In one aspect of the present invention, the tool 100 comprises a bearing mill 10, a body joint 20, a starter mill 30, a lead joint 40, and a lead bearing 50. The bearing mill 10 is disposed at the upper end of the tool 100 adjacent to the run-in string 2. The bearing mill 10 provides a first bearing surface between the tool 100 and the wall of the wellbore 4. The outer diameter of the bearing mill 10 is substantially the same as the inner diameter of the wellbore 4 in order to center the upper portion of the tool 100 coaxially with the wellbore 4 as will be described herein. The outer surfaces of the bearing mill 10 may comprise smooth and/or rough outer surfaces. Preferably, the outer surface of the upper end of the bearing mill 10 comprises a smooth surface to facilitate the bearing relationship between the bearing mill 10 and the wellbore 4. The lower end of the bearing mill 10 is dressed with a rough surface, such as carbide, to provide any milling of the wellbore wall that may be necessary to avoid binding problems during rotation of the tool 100 in the wellbore 4. For example, as the lead bearing 50 moves along the concave face of the whipstock 8 and away from the centerline of the wellbore 4, the portion of the tool 100 between the lead bearing 50 and the bearing mill 10 is forced bend outward due to the outer diameter of the bearing mill 10 coinciding with the inner diameter of the wellbore 4. The bend force urges the lower portion of the bearing mill 10 against the wellbore wall. When this occurs, the rough surfaces at the lower portion of the bearing mill 10 cut into and remove wellbore material, thereby reducing any binding effect.

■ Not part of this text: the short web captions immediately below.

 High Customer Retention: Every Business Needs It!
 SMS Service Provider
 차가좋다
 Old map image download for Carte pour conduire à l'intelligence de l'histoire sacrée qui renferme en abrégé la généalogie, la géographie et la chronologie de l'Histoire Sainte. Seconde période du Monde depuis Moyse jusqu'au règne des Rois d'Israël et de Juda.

Preferably, the bearing mill 10 comprises a watermelon mill dressed with smooth and rough surfaces. In another embodiment, the outer surface of the bearing mill 10 may comprise all smooth surfaces. Alternatively, the bearing mill 10 may be round with all smooth surfaces. A round bearing mill 10 provides a bearing surface for tool 100 but does not have a lower portion that will cause binding problems.

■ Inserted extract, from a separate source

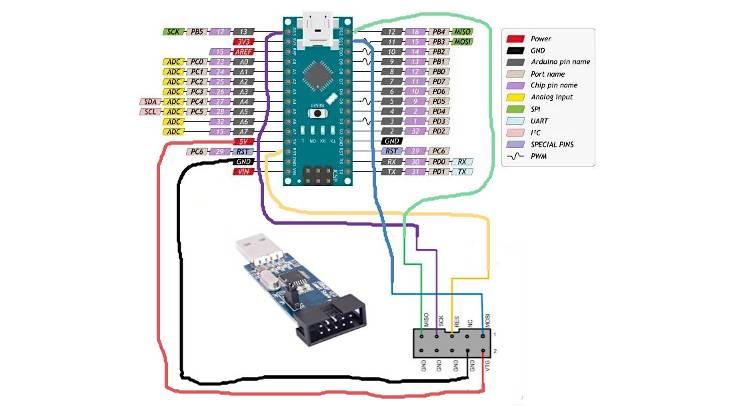 Arduino Nano V 3.0 mini USB ATMEGA328P CH340 как установить на Linux Rosa Fresh R12 смотреть онлайн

The bending motion of the tool 100 between the lead bearing 50 and the bearing mill 10 is facilitated by a body joint 20 which provides flexibility to the tool 100 as it travels along the concave 7. One factor that determines the length of the body joint 20 is potential interference between the body joint 20 and the wellbore 4. As the tool 100 moves along the concave face of the whipstock 8 and the starter mill 30 cuts into the formation, the clearance between the body joint 20 and the wellbore 4 decreases. As a result, the size of the outer diameter of the body joint 20 is selected to maintain a clearance between the body joint 20 and the wellbore 4 throughout the milling process. Other factors that will determine the length of the body joint 20 will be discussed in more detail below. An example of a joint suitable for use as a body joint 20 is a pup joint.

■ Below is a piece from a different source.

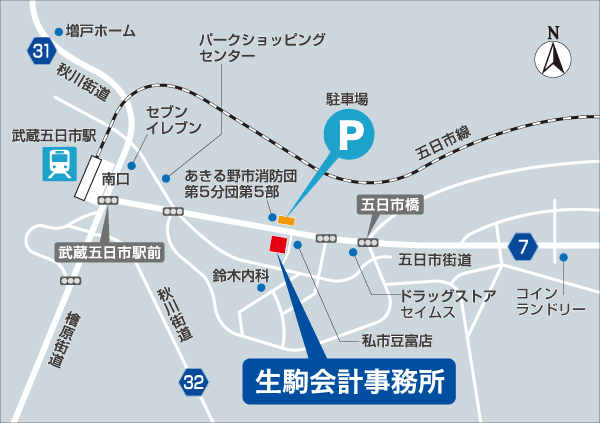 access-map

As stated, the starter mill 30 is the tool component that forms the pilot ledge in the wellbore 4 and 30 should form a ledge profile that is appropriate for the bit that drills the lateral. Therefore, the outer diameter of the starter mill 30 is dictated by the size of the bit that follows. In one embodiment, blades 110 are formed around the starter mill 30. The leading edge of the blades 110 may be dressed with inserts 115, like tungsten carbide inserts, as shown in FIG. 4, which is a partial view of the starter mill 30. Additionally, crushed carbide 120 may be placed around the inserts 115 on the remaining portions of the blades 110. In another embodiment, the blades 110 may be dressed with crushed carbide 120 only. In another embodiment still, the starter mill 30 may be “bladeless,” i.e., the starter mill 30 is dressed with a suitable cutting material 125 and is without a blade, as illustrated in FIG. 5. It is within the scope of this invention that any material suitable for cutting the particular formation may be used. These materials include natural diamond, polycrystalline diamond compact, thermally stable polycrystalline (TSP), cubic boron nitride, ceramic, and combinations thereof.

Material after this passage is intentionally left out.